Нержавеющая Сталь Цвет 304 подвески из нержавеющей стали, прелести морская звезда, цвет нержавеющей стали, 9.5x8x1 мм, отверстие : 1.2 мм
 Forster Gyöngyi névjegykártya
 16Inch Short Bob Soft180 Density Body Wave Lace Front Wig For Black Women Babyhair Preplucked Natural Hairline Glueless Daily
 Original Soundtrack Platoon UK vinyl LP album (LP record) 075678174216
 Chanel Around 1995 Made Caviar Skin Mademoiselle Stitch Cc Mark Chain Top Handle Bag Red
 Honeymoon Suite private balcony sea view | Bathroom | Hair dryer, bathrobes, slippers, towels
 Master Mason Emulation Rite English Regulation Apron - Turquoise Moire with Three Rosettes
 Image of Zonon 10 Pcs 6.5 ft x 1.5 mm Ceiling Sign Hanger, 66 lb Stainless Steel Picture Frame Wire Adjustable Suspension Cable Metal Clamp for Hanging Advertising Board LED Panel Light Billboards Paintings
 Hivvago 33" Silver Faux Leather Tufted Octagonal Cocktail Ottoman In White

-*-*-

WHAT YOU ARE ASKED TO DO: Beginning with the line that contains "Chanel Around 1995" and ending with the last line of the data above, return those lines exactly and nothing else.

ANSWER TO THE PROBLEM:
 Chanel Around 1995 Made Caviar Skin Mademoiselle Stitch Cc Mark Chain Top Handle Bag Red
 Honeymoon Suite private balcony sea view | Bathroom | Hair dryer, bathrobes, slippers, towels
 Master Mason Emulation Rite English Regulation Apron - Turquoise Moire with Three Rosettes
 Image of Zonon 10 Pcs 6.5 ft x 1.5 mm Ceiling Sign Hanger, 66 lb Stainless Steel Picture Frame Wire Adjustable Suspension Cable Metal Clamp for Hanging Advertising Board LED Panel Light Billboards Paintings
 Hivvago 33" Silver Faux Leather Tufted Octagonal Cocktail Ottoman In White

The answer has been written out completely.